**** Supplied data ****
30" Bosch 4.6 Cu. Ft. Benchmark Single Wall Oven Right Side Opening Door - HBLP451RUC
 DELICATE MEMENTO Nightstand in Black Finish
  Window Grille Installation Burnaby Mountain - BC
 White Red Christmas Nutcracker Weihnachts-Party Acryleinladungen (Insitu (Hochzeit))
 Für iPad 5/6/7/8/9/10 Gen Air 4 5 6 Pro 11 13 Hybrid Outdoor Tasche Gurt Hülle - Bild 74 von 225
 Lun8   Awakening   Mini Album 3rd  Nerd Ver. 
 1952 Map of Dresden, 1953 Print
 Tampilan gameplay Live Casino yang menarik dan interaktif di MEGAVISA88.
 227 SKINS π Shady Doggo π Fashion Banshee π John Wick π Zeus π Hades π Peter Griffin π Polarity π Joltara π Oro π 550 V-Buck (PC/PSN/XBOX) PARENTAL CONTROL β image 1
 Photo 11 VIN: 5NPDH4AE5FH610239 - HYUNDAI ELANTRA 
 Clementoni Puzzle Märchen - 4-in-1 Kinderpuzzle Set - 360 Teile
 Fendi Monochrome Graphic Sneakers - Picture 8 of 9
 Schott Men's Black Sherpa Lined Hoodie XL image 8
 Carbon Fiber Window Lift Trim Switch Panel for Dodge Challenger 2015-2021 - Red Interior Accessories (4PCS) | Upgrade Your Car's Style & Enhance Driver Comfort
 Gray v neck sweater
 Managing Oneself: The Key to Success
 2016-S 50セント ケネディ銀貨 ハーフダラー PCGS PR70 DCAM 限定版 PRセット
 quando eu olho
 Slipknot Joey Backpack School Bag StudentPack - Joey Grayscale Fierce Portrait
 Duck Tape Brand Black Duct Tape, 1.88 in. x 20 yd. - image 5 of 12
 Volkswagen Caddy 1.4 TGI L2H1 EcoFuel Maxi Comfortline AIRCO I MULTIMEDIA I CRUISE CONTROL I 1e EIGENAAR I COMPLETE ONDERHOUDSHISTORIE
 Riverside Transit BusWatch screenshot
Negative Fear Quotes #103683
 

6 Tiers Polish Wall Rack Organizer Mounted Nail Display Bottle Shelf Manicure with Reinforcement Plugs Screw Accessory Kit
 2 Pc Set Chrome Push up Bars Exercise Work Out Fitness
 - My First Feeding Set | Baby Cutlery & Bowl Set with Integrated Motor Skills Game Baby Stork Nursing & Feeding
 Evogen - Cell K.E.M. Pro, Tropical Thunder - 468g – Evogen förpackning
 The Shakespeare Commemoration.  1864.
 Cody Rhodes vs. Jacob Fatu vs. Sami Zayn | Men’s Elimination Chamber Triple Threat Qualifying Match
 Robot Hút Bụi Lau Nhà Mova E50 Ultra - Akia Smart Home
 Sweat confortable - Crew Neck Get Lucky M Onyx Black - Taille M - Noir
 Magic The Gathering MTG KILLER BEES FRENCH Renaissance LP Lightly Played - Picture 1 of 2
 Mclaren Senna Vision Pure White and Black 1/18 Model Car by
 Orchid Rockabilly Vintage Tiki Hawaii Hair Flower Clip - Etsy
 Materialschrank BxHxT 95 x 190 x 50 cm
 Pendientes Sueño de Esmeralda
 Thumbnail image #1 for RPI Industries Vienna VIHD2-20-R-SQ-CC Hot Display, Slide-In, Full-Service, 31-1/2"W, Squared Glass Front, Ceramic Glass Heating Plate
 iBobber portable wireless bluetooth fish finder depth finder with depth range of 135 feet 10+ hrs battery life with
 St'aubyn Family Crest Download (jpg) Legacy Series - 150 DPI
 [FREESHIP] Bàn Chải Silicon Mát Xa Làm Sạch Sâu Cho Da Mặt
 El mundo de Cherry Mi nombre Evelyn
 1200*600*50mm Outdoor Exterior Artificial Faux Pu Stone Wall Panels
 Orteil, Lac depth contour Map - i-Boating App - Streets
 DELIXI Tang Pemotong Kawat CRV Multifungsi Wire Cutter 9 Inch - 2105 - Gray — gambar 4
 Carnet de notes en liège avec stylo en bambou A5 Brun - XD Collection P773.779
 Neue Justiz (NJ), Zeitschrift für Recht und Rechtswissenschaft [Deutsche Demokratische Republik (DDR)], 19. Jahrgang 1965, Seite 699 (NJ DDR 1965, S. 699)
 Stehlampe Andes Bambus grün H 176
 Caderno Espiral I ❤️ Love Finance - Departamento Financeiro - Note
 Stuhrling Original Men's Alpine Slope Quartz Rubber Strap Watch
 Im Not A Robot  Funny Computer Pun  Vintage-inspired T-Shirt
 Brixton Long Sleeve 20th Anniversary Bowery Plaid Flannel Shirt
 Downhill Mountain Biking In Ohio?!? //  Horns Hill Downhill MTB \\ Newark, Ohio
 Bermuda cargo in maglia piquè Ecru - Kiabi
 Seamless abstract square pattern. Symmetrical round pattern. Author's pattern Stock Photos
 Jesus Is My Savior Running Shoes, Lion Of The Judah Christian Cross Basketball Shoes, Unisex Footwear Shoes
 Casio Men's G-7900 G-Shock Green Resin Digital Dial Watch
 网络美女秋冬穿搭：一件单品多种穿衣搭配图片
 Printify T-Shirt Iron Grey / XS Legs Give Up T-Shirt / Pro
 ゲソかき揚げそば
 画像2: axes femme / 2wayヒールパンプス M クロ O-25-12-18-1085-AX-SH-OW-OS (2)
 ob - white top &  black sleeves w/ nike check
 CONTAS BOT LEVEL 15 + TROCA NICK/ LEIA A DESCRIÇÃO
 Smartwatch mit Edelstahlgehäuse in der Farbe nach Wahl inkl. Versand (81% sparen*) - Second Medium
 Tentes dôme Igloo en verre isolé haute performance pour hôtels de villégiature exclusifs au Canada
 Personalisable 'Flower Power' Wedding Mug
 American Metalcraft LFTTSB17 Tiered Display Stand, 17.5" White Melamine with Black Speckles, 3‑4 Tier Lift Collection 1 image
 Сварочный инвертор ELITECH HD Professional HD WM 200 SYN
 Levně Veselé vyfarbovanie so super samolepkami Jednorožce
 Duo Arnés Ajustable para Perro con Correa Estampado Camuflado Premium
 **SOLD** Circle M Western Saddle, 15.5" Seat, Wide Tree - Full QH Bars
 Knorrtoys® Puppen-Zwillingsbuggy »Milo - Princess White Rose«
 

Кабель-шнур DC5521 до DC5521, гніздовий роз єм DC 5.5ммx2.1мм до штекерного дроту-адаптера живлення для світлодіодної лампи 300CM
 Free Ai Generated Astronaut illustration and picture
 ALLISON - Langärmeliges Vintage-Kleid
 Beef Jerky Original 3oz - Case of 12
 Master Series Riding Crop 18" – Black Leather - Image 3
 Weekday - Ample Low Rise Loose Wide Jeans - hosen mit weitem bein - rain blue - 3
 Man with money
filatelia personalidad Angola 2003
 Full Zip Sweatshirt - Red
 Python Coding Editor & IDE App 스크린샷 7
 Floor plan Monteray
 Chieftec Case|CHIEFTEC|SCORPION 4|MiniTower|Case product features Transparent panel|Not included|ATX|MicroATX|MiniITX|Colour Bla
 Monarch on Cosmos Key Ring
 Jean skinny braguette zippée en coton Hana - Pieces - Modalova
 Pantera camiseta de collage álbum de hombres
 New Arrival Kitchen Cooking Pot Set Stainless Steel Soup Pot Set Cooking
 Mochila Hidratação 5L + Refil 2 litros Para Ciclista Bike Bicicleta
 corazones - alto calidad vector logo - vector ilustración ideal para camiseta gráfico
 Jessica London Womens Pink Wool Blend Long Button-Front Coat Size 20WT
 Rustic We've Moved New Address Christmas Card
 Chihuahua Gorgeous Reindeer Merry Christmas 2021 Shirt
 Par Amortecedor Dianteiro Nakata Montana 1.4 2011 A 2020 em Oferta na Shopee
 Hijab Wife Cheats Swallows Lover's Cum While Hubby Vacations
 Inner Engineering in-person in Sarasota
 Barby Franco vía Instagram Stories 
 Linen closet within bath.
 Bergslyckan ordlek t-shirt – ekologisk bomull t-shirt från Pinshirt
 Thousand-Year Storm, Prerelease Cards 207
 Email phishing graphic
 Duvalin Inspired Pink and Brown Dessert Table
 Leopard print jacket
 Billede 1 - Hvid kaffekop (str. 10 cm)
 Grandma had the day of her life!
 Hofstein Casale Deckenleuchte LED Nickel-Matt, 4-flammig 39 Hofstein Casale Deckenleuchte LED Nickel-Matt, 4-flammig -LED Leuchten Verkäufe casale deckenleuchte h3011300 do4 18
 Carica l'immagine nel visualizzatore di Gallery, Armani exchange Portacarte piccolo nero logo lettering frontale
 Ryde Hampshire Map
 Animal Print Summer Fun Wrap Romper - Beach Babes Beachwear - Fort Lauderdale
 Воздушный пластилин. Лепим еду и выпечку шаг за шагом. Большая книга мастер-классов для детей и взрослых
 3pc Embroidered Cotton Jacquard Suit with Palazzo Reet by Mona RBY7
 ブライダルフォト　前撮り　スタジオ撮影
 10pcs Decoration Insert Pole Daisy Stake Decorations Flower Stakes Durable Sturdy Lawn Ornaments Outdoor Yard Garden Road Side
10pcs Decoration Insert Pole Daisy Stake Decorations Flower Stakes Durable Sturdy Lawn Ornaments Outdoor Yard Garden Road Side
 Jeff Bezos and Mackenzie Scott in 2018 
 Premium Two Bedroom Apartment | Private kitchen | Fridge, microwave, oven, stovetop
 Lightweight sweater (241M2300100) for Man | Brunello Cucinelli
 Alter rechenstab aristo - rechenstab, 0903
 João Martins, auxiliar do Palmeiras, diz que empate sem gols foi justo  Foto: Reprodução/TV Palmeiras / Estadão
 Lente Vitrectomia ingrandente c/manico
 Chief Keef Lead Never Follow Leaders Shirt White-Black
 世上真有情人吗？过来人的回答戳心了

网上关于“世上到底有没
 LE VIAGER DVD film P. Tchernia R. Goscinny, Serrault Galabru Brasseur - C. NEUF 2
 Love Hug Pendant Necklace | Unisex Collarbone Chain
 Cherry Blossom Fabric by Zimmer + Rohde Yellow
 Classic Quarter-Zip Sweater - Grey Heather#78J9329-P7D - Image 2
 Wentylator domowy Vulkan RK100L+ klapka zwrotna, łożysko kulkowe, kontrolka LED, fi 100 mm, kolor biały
****
Work instruction:
Output the data exactly, from the first line through the line that holds "Negative Fear Quotes #103683", so that no later line appears.

Result of the task:
30" Bosch 4.6 Cu. Ft. Benchmark Single Wall Oven Right Side Opening Door - HBLP451RUC
 DELICATE MEMENTO Nightstand in Black Finish
  Window Grille Installation Burnaby Mountain - BC
 White Red Christmas Nutcracker Weihnachts-Party Acryleinladungen (Insitu (Hochzeit))
 Für iPad 5/6/7/8/9/10 Gen Air 4 5 6 Pro 11 13 Hybrid Outdoor Tasche Gurt Hülle - Bild 74 von 225
 Lun8   Awakening   Mini Album 3rd  Nerd Ver. 
 1952 Map of Dresden, 1953 Print
 Tampilan gameplay Live Casino yang menarik dan interaktif di MEGAVISA88.
 227 SKINS π Shady Doggo π Fashion Banshee π John Wick π Zeus π Hades π Peter Griffin π Polarity π Joltara π Oro π 550 V-Buck (PC/PSN/XBOX) PARENTAL CONTROL β image 1
 Photo 11 VIN: 5NPDH4AE5FH610239 - HYUNDAI ELANTRA 
 Clementoni Puzzle Märchen - 4-in-1 Kinderpuzzle Set - 360 Teile
 Fendi Monochrome Graphic Sneakers - Picture 8 of 9
 Schott Men's Black Sherpa Lined Hoodie XL image 8
 Carbon Fiber Window Lift Trim Switch Panel for Dodge Challenger 2015-2021 - Red Interior Accessories (4PCS) | Upgrade Your Car's Style & Enhance Driver Comfort
 Gray v neck sweater
 Managing Oneself: The Key to Success
 2016-S 50セント ケネディ銀貨 ハーフダラー PCGS PR70 DCAM 限定版 PRセット
 quando eu olho
 Slipknot Joey Backpack School Bag StudentPack - Joey Grayscale Fierce Portrait
 Duck Tape Brand Black Duct Tape, 1.88 in. x 20 yd. - image 5 of 12
 Volkswagen Caddy 1.4 TGI L2H1 EcoFuel Maxi Comfortline AIRCO I MULTIMEDIA I CRUISE CONTROL I 1e EIGENAAR I COMPLETE ONDERHOUDSHISTORIE
 Riverside Transit BusWatch screenshot
Negative Fear Quotes #103683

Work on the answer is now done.